На вопрос Сыма Ню о благородном муже Конфуций отвечал: «Благородный муж тот, который не скорбит и не боится». На это Сыма Ню сказал: «Кто не боится и не скорбит, этот и есть благородный муж?» Конфуций сказал: «Кто, исследуя свой внутренний мир, не находит в себе недостатков, чего же ему скорбеть или бояться?»
На вопрос Цзы-чжана об умном Конфуций отвечал: «Умным и даже дальновидным можно назвать того, на кого не действуют ни медленно всасывающаяся клевета, ни жалобы на кровные обиды».
На вопрос Цзы-гуна, в чем состоит управление, Конфуций отвечал: «В довольстве пищи, в достаточности военных сил и в верности народа».
Цзы-гун сказал: «Но если бы предстояла необходимость исключить одну из этих трех статей, то какую исключить прежде?» «Военную часть», – отвечал Конфуций. Цзы-гун сказал: «А если бы правительство вынуждено было пожертвовать одною из этих двух, то какою прежде?» «Пищей, – сказал Конфуций, – потому что смерть всегда была общим уделом, а без доверия народа правительство не может стоять».
Цзи-цзы Чэн сказал: «Благородному мужу нужна только безыскусственность, к чему еще ему шлифовка?»
Цзи-цзы Чэн, Вэйский вельможа, скорбя о преобладании в своих современниках внешнего лоска над природой, сказал это изречение[10]
Цзы-гун сказал: «Увы! Ваши слова – слова благородного мужа; но даже четверка лошадей не в состоянии догнать слово, сорвавшееся с языка. Внешнее украшение подходит к природе, а природа – к украшению. Шкура барса и тигра без волос походит на шкуру собаки и барана».

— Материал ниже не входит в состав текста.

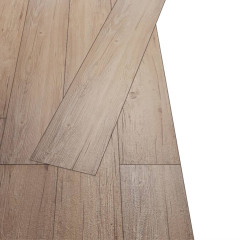 OMAXI Samolepící podlahová krytina PVC 5,02 m² 2 mm dub hnědý 567578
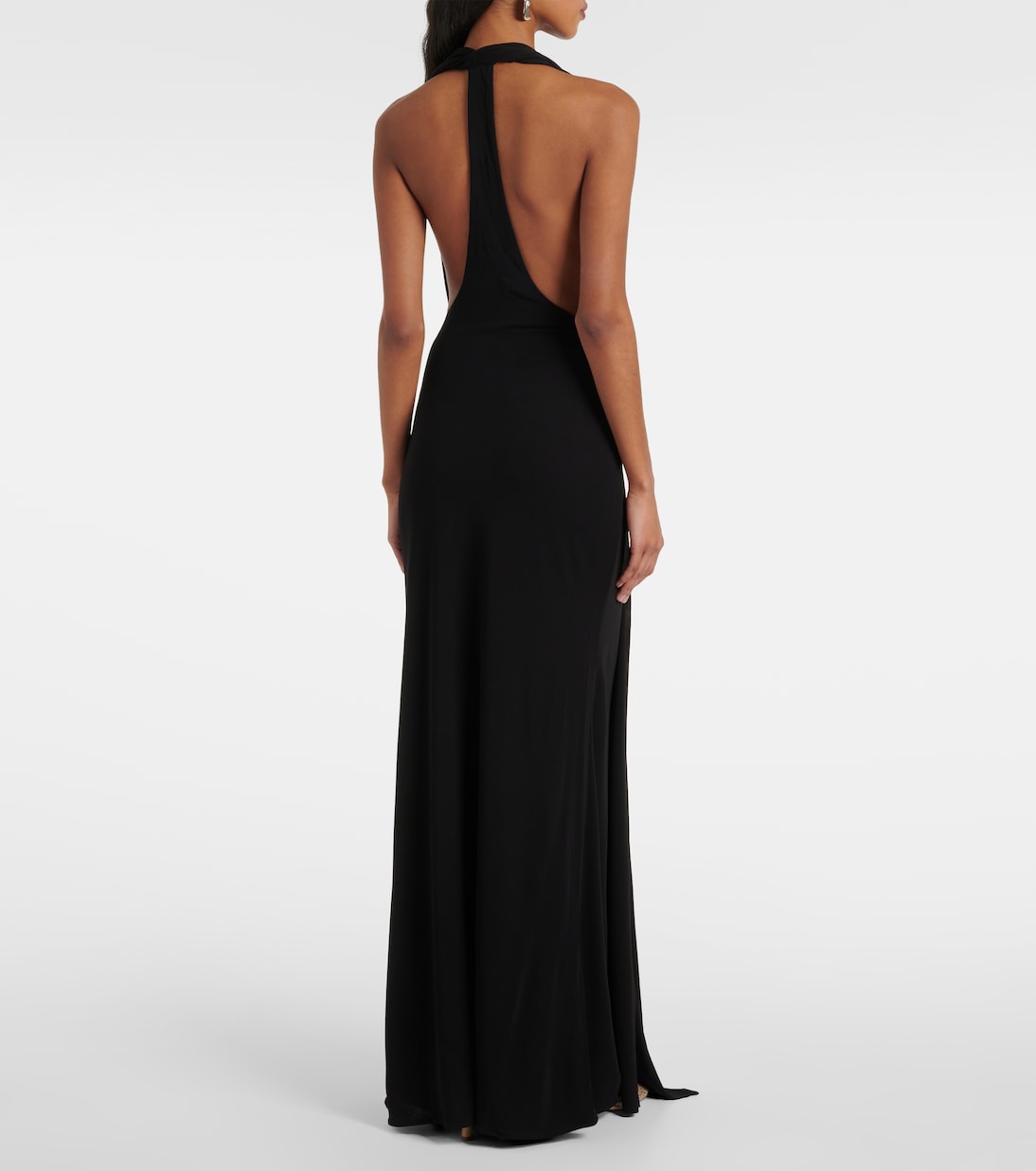 Trapeze draped jersey gown | Christopher Esber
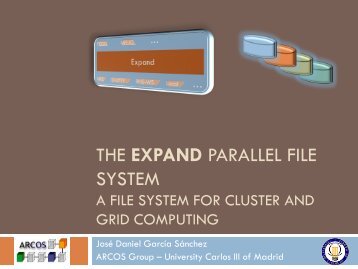 THE EXPAND PARALLEL FILE SYSTEM - Arcos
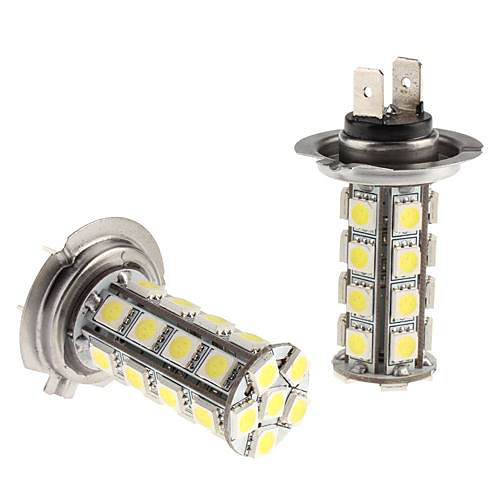 H7 5W 30x5050 SMD светодиодные лампы белого света автомобиля для Fog фара (12V, 2-Pack)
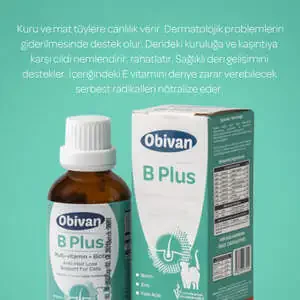 Obivan Tüy Sağlığını Destekleyici Kediler İçin Multivitamin Damla 50 ML - 3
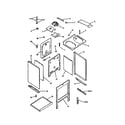 Amana ARR625W-P1130970NW cabinet assy diagram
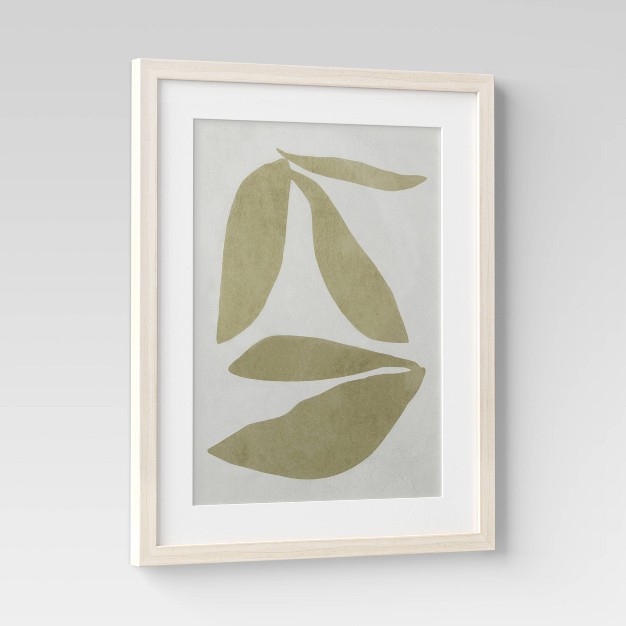 X 20 quot Leaf Framed Wall Art Set Natural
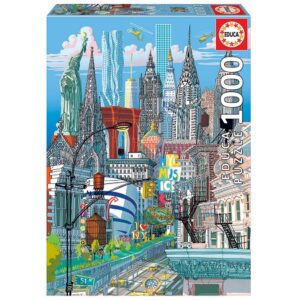 EDUCA 1000 PIECE NEW YORK CITY CARLO STANGA PUZZLE
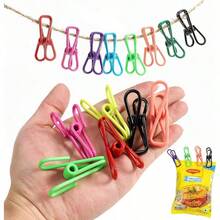 10pcs Metal Bag Clips - Compact & Portable Food Freshness Sealers - Multicolor - View 1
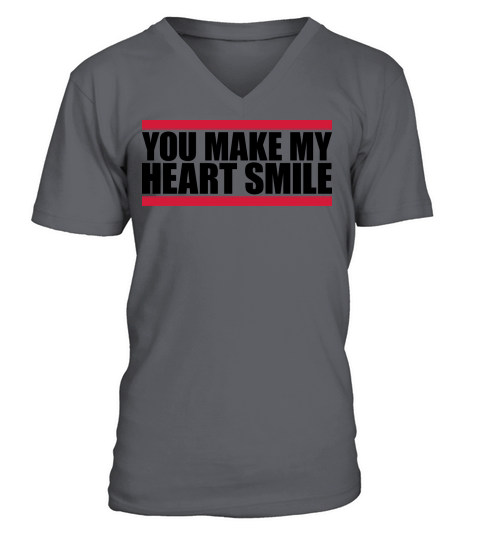 make my heart smile V-Neck T-shirt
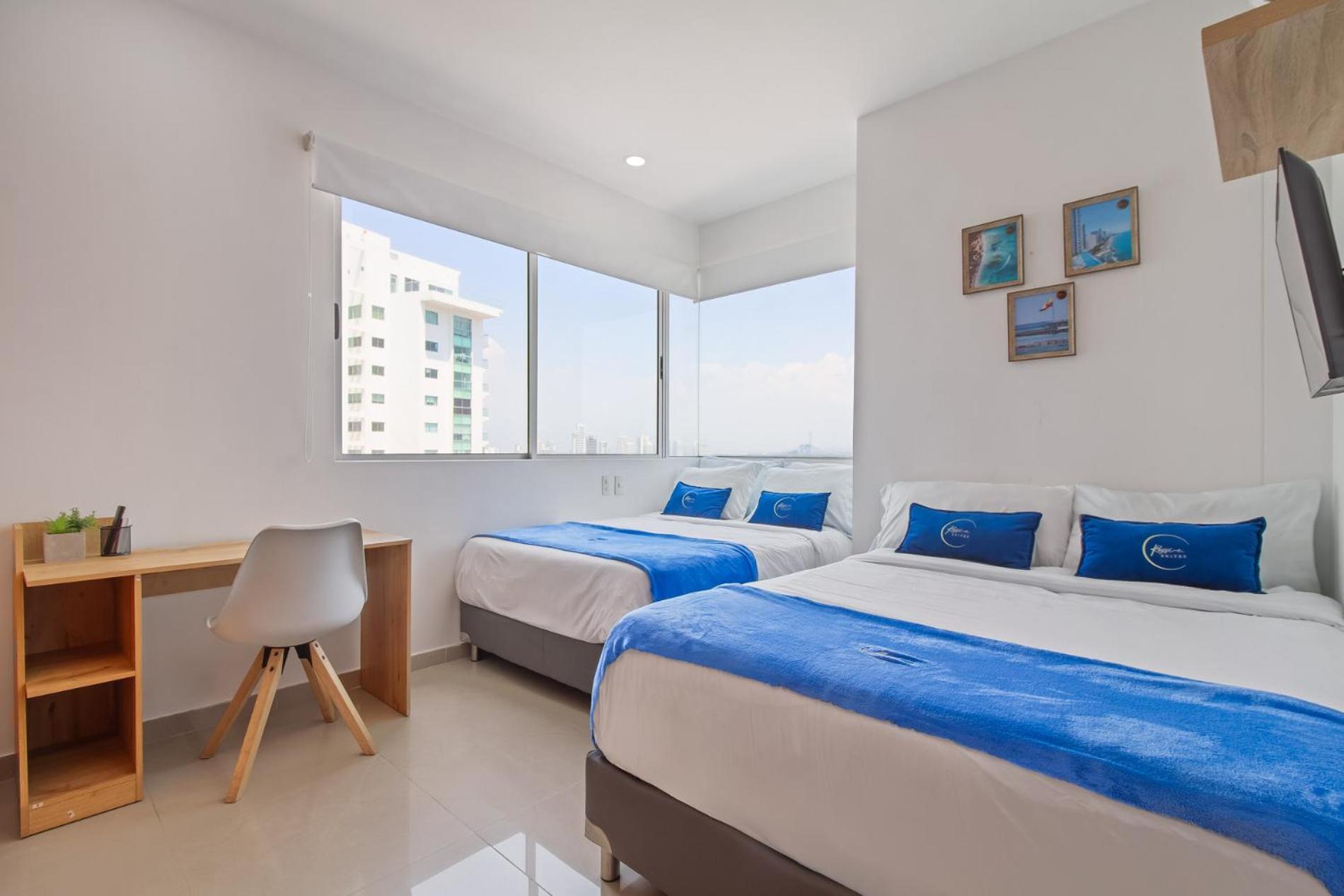 Vista De Lujo Al Mar Y La Bahía Apartamento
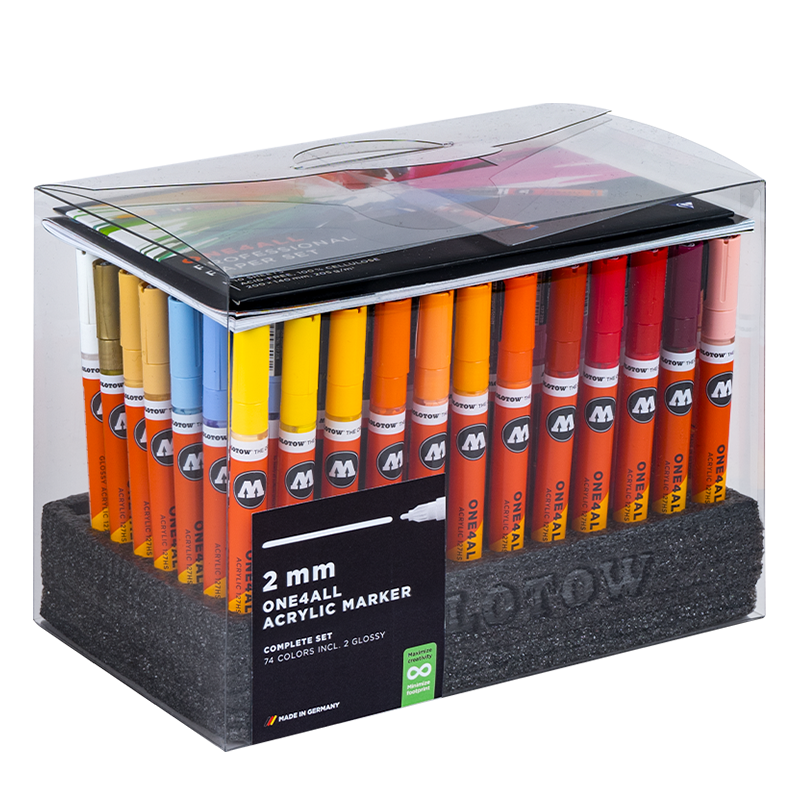 Molotow&#xAE; ONE4ALL&#x2122; Acrylic Twin Complete Set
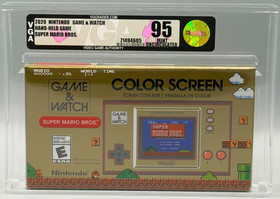 Super Mario Bros Nintendo Game & Watch Handheld Game Sealed New VGA 95 Graded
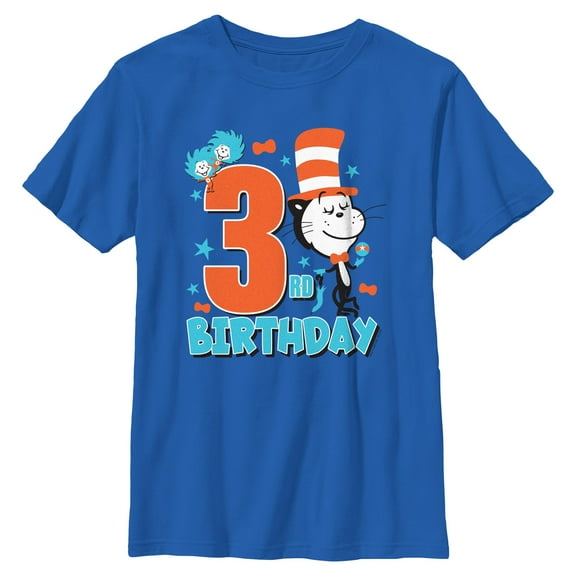 Boy's Dr. Seuss Cat in the Hat and Friends Birthday Graphic T-Shirt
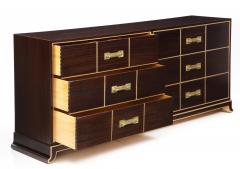 Tommi Parzinger Tommi Parzinger Mahogany Dresser - 2398792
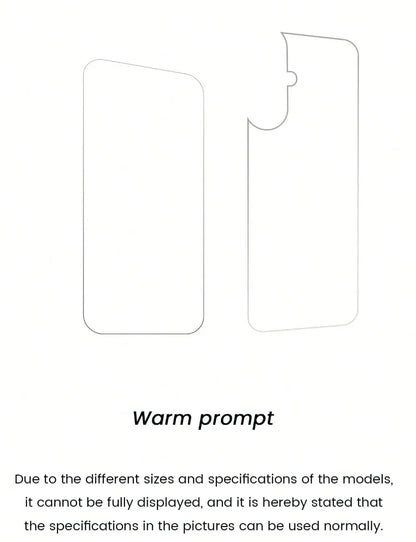 NNBILI 2pcs/Set Matte Base Lens Film + Matte PET Back Film For IPhone 17 Pro Max/17 Pro/17 Phone Accessories Minimalist Design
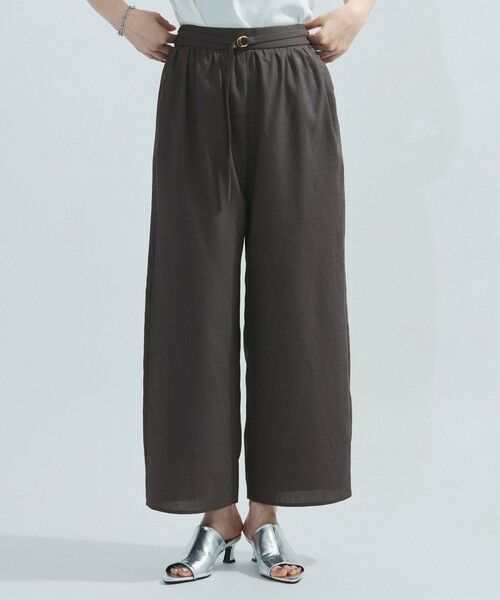 ketty / ケティ その他パンツ | リネンライクタックワイドパンツ≪手洗い可能≫ | 詳細12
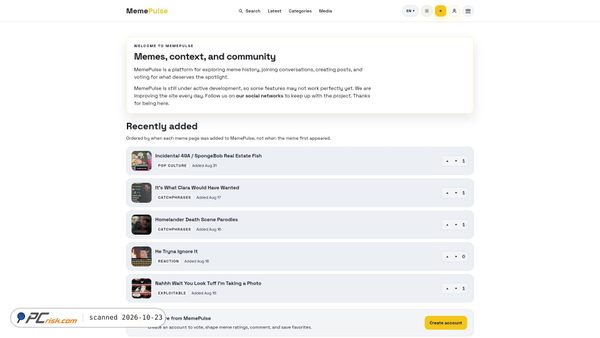 memepulse.net screenshot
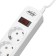 Luazon Lighting network filter, 6 outlets, 1.8 m, 2200 W, 3 x 0.75 mm2, 10 A, 220 V, white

В ответ на вопрос Циньского князя Цзина о правлении, предложенный им Конфуцию, последний отвечал: «Правление есть там, где государь есть государь, министр – министр, отец – отец и сын – сын».
На это князь сказал: «Прекрасно! Действительно, если государь не будет государем, министр министром, отец отцом и сын сыном, то хотя бы у меня был хлеб, буду ли я в состоянии пользоваться им?»
Учитель сказал: «Слушать тяжбы я могу подобно другим; но что необходимо – это чтобы не было тяжб».
В ответ на вопрос Цзы-чжана насчет управления Учитель отвечал: «Управление заключается в том, чтобы неустанно сосредоточиваться на нем и нелицемерно осуществлять его».